Yesterday was the 25th anniversary of a dark day in the history of the city of Baltimore, Maryland (a town I think is underrated, actually – I have quite liked it when I’ve traveled there). It was the day the Colts snuck out of town under cover of night and snow and relocated to Indianapolis. The Colts meant so much to Charm City, and its denizens still speak longingly of the days of Johnny Unitas and Art Donovan, that I wouldn’t have expected to see this headline in the Baltimore Sun:
Good Riddance
I understand, intellectually – getting rid of Bob Irsay and (eventually) getting two new stadiums and a Super Bowl title means Balmer didn’t turn into a vast wasteland after the Colts left. Oriole Park at Camden Yards is a jewel and a point of pride for the city, and the Ravens play in a flashy facility complete with a Johnny U. statue in front. I just didn’t think I’d ever hear anybody in Baltimore verbalize it. I didn’t think rational was possible.

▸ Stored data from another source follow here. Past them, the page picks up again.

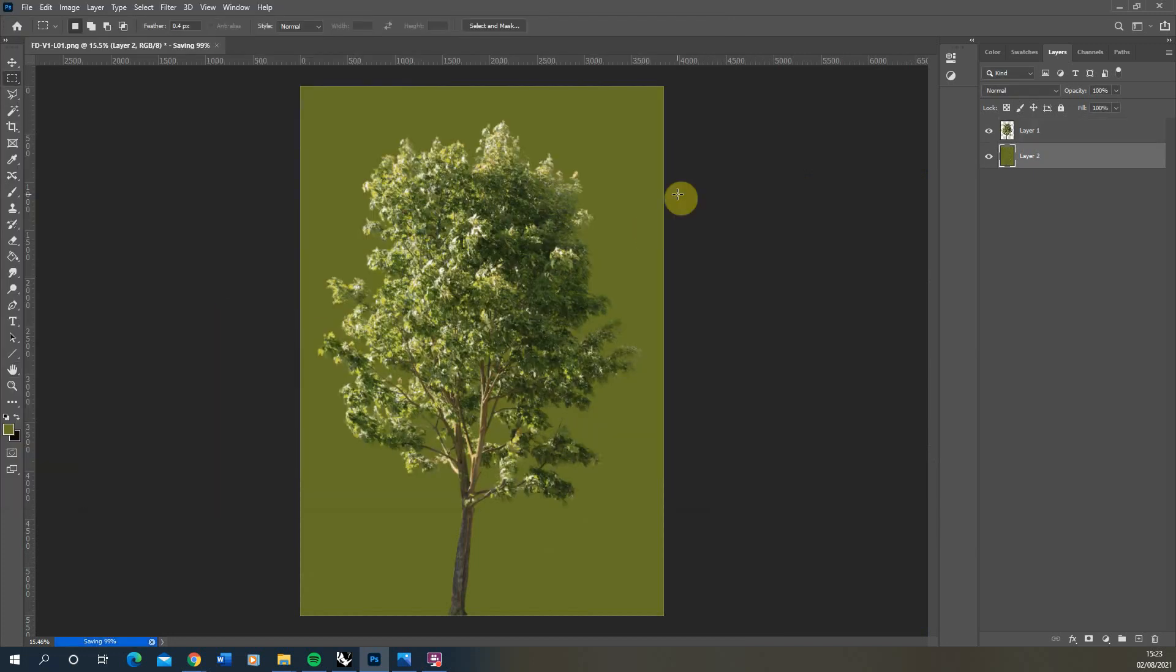Now the next image we need to make is we need to tell Rhino how to cut this tree out for us because we're going to be using a flat 2D plane to create our tree and we're going to be using what's called an alpha map to cut out our tree from the background. Now an alpha map is just a black and white image that you can use to tell Rhino where to cut your tree out. Black means it's being cut out and white means it's remaining.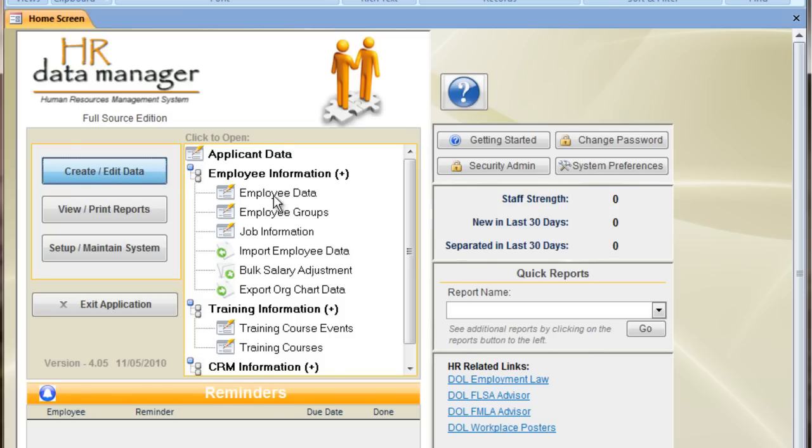This is where we can access employee data, job information, training information, CRM, etc.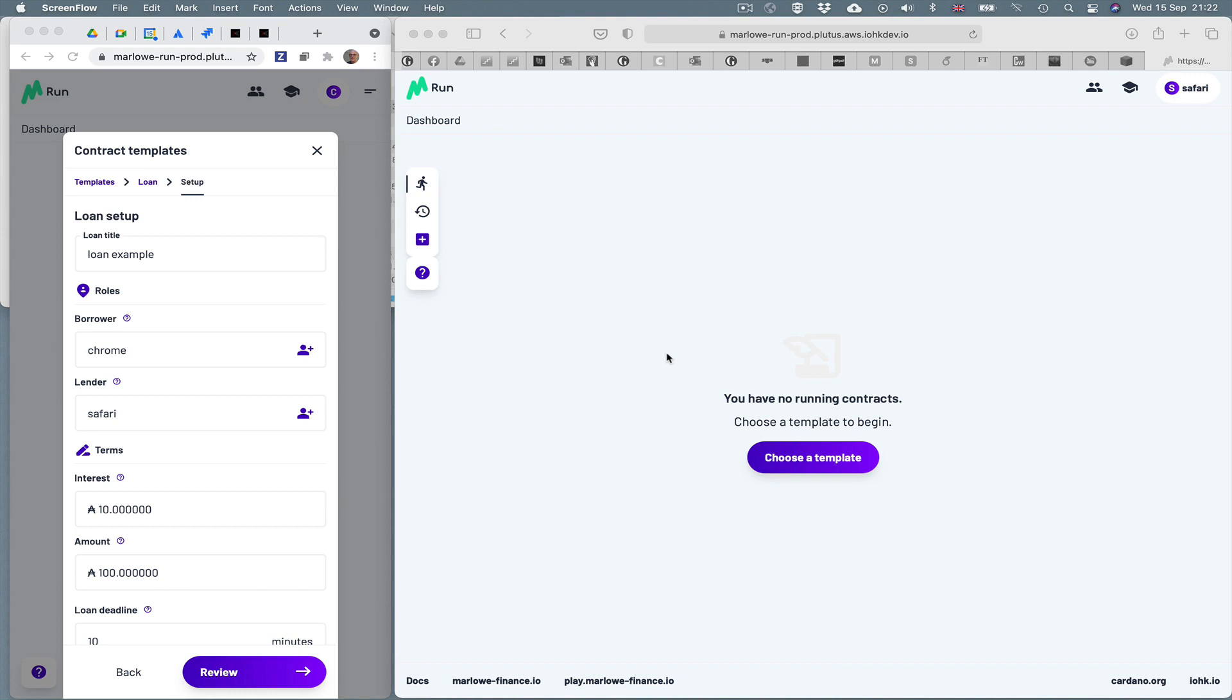On the left hand side I'm running Marlowe Run in Chrome, on the right hand side in Safari. So these are two separate browsers connecting via the Marlowe Run server.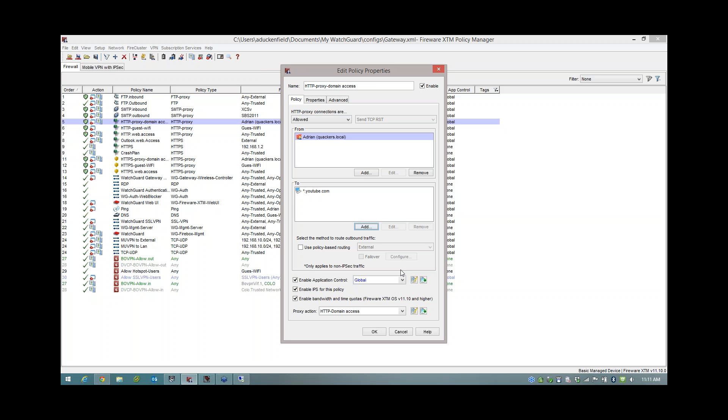And then what I could have done in my traffic management is said I will only let you have, I don't know, one megabit a second. And then on my Quotering, I could have said you can only download 500 meg and only browse for half an hour. So that way I could get to YouTube at any time of day for half an hour, but I'm only going to get, I don't know, as I say, one megabit a second download rate. And you can only download 50 meg or something like that. So you can combine all of these different features into one. And that's why the Quotering is so flexible. You can apply it to any rule. So there we go. That's the Quotering in a nutshell.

(By the way – by 2015, the Colts will have called Indianapolis home for as long as they did Baltimore, and no one under the age of about 35 will have any useful recollection of the Baltimore Colts. It’ll be 2027 before the Ravens will have been around as long as the Baltimore Colts.)
If you remember that day with sorrow (I just shook my head at the time, while many others shook their fists), you have my condolences. It never should have happened – even if it did turn out for the best.
But there’s a lot of that in the world.